Further examples of musicological chicanery can be found in the February 1981 issue of The Musical Times, which contains the following parody entries:
–Brown, “Mother” (Mary) (b 1550; d Wapping 3 Jan 1611)
–Ear-flute
–Hameln [Hamelin]
–Khan’t, Genghis (Tamburlaine) (b Ulan Bator, c1880; d New York, 22 Nov 1980)
–Stainglit (Nevers), Sait d’Ail (fl Middle Ages) – [trans-linguistic pun on “Stanley Sadie,” the periodical’s editor]
–Toblerone
–Verdi, Lasagne [‘Il Bolognese’] (b Bologna, 10 Oct 1813; d Naples, 15 March 1867)
A Fictitious Ensemble
In 1969, Rolling Stone editor Greil Marcus wrote a favorable review of the (fictitious) first album by a group called the Masked Marauders, whose members supposedly included Bob Dylan, Mick Jagger, John Lennon and Paul McCartney. The review included references to Dylan’s “deep bass voice” and to an extended bass guitar-piano duet with both parts played by McCartney. The reviewer concluded, “It can truly be said that this album is more than a way of life; it is life.” Marcus was said to be unhappy about the current trend of organizing “supergroups” of multiple star players for commercial exploitation, and he assumed that his readers would realize that the review was a satirical fabrication.
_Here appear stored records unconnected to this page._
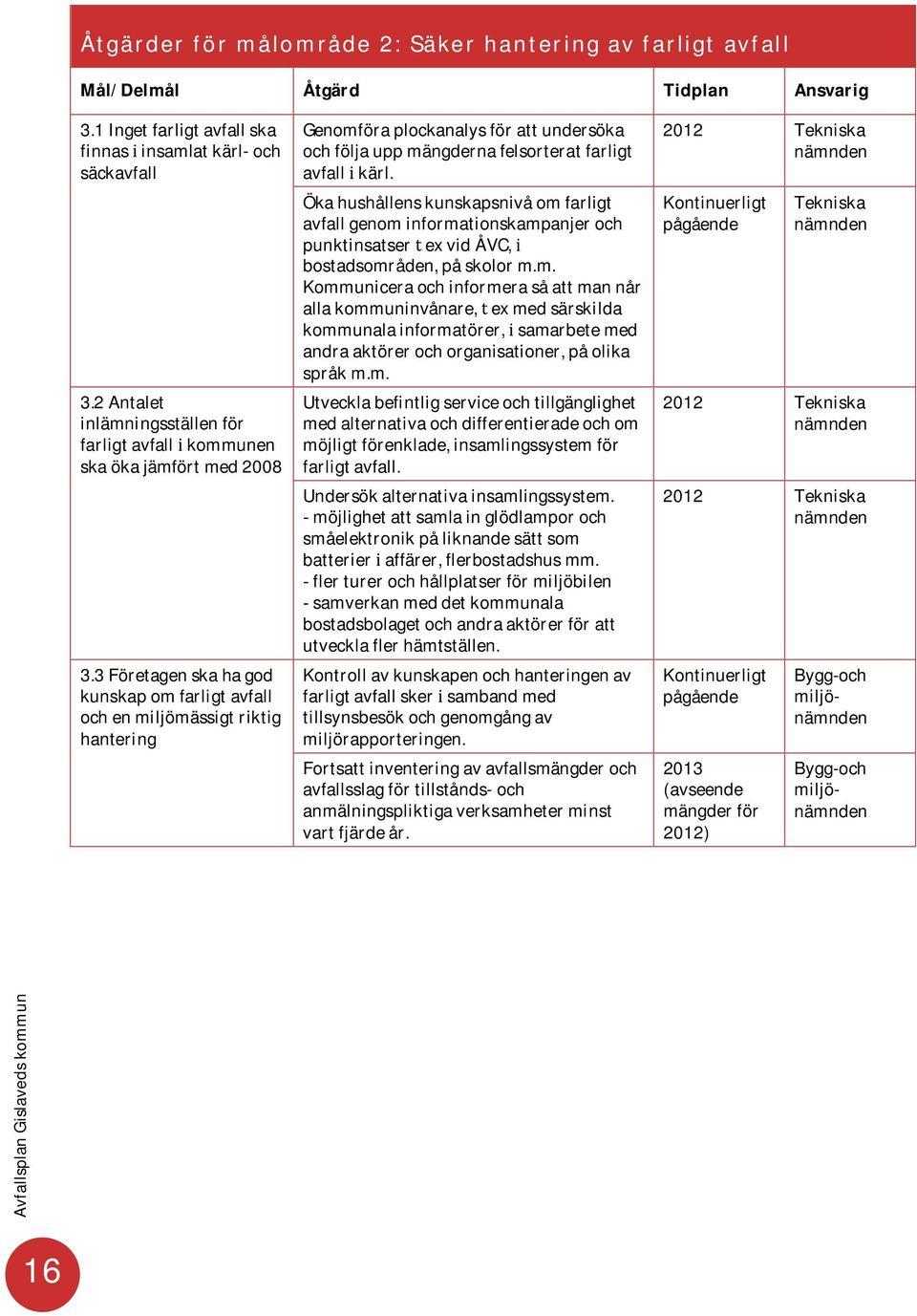 2012 Tekniska nämnden Ökahushållenskunskapsnivåomfarligt avfallgenominformationskampanjeroch punktinsatserexvidåvc, bostadsområden,påskolorm.m. Kommuniceraochinformerasåattmannår allakommuninvånare,exmedsärskilda kommunalainformatörer,samarbetemed andraaktörerochorganisationer,påolika språkm.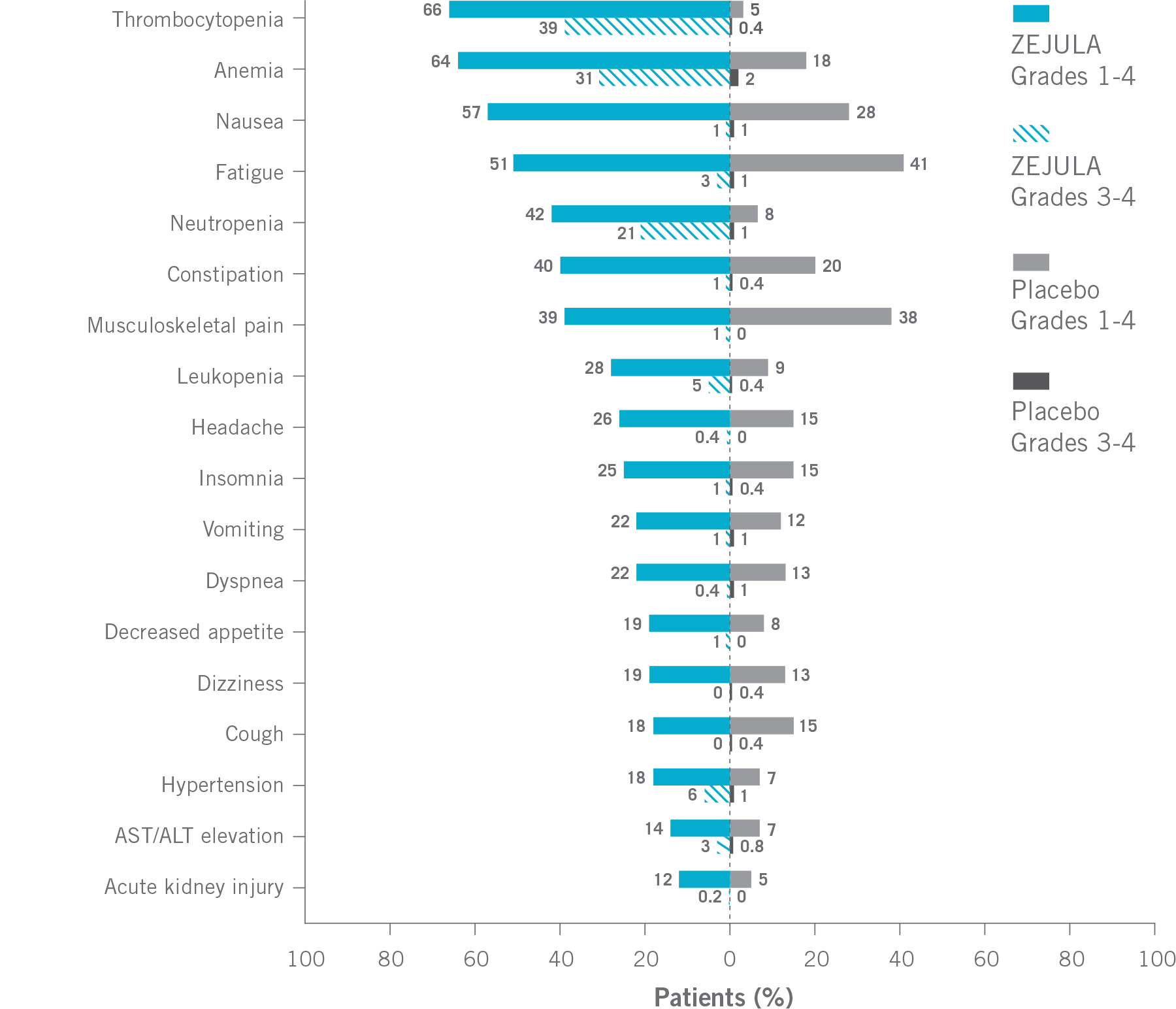 Adverse reactions reported in >= 10% of all patients in PRIMA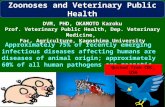 Approximately 75% of recently emerging infectious diseases affecting humans are diseases of animal origin; approximately 60% of all human pathogens are.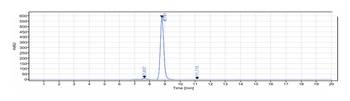 Anti-EphB4 Reference Antibody
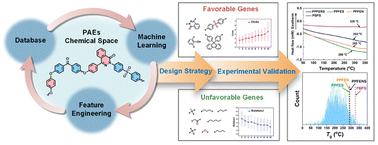 Graphical abstract: A polymer genome approach for rational design of poly(aryl ether)s with high glass transition temperature
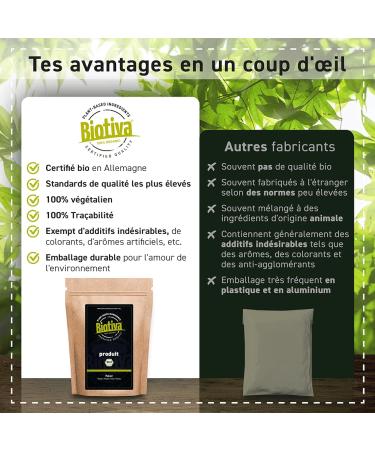 Organic Pea Protein Powder 400g - Buy Online on GoSupps.com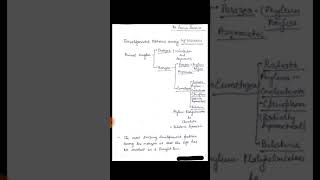 DevelopmentalPatterns in MetazoansPart1 ZoologyGenes and DifferentiationDrSeema Saxena [upl. by Featherstone]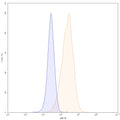Flow-cytometry using APC anti-human CD54 antibody. RPMI-8226 cells were stained with an irrelevant antibody (Blue Histogram) or an APC anti-human CD54 monoclonal antibody (Catalog: HY321237, Yellow Histogram) at a concentration of 5 µg/ml for 30 mins at RT. After washing, cells analysed on a NovoCyte Flow Cytometer.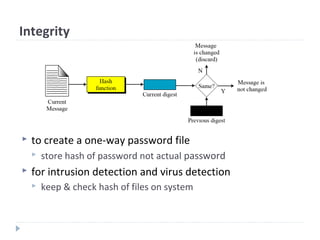 Integrity
 to create a one-way password file
 store hash of password not actual password
 for intrusion detection and virus detection
 keep & check hash of files on system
As it happened, many readers took the article seriously and clamored for copies of this non-existent recording. In response, Marcus hired a San Francisco band to record an album as the Masked Marauders and arranged for Warner Brothers to distribute it, eventually selling 100,000 copies. Warner Brothers included a copy of the Rolling Stone review in the album sleeve, and essentially let record buyers in on the hoax with liner notes reading, in part, “In a world of sham, the Masked Marauders, bless their hearts, are the genuine article.”